Of course, despite all of the rhetoric regarding officer safety, the “frisk” component has, over the years, morphed into the permitting of a “plain feel” exception to the search warrant requirement in Pennsylvania. Thus, the appellate courts have sustained a seizure where the police, with reasonable suspicion to belief that a person was involved in a drug transaction, felt an object having the “’consistency of a bundle of caps’ [cocaine vials].” However, a frisk is only legal if it is directed toward weapons. The Superior Court has also held that one may not justify a frisk based on a rationale that “guns and drugs go together,” or that one may search items that could not be dangerous (foil, plastic bags, etc.).

Police interactions with the public are defined as “mere encounters,” “investigative detentions,” or “arrests.”

Constitutional protections against unreasonable “searches and seizures” extend only to those instances in which a “seizure” of the individual has occurred.
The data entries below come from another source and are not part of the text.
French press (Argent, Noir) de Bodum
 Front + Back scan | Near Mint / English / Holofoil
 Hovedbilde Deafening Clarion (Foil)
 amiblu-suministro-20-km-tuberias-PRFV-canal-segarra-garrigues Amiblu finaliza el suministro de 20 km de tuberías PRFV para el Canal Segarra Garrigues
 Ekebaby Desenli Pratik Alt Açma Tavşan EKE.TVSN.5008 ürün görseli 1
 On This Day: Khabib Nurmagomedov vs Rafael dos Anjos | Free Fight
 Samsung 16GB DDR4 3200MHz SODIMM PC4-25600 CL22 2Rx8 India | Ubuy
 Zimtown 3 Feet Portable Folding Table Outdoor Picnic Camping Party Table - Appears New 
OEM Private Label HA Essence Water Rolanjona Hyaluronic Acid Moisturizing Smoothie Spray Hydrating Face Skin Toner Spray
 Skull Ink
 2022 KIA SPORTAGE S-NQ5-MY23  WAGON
A “seizure” occurs only when a reasonable individual would not fee “free to leave.” Any interaction where a reasonable individual would feel free to leave or where the police engage in conduct not amounting to a search, such as observing something in plain sight does not require a legal basis for the police activity.

An interaction during which a reasonable person feels free to leave is a “mere encounter.” Of course,”reasonable” varies a great deal between individuals. In Pennsylvania,a seizure is established whenever the police restrict movement, request identification, or ask about crime or criminal conduct. For example, a safety check or rendering assistance is a mere encounter, not a seizure.

In order for the police to engage in the next level of interaction, the “investigative detention,” there must be a level of articulable reasonable suspicion on the part of the police. Thus, a mere encounter may turn into an “investigative detention” if the police can articulate a level of reasonable suspicion. A circumstance under which this may occur is if an officer stops you and asks for identification. The Superior Court has held that asking for identification creates an investigative detention that must be supported by reasonable suspicion. However, in the everyday course of events, most normal people will not refuse. If you do, the police may detain you until identification can be made. Since this is an inconvenient for which there is usually no vindication unless you are really doing something wrong, I always advise to carry ID. If everything checks out, the police will usually advise that you are “free to leave.” They tell you this because, having no reasonable suspicion, they cannot hold you unless you create another basis for reasonable suspicion. And you must be “free” to create one. Walk away and give them no reason to stop you again.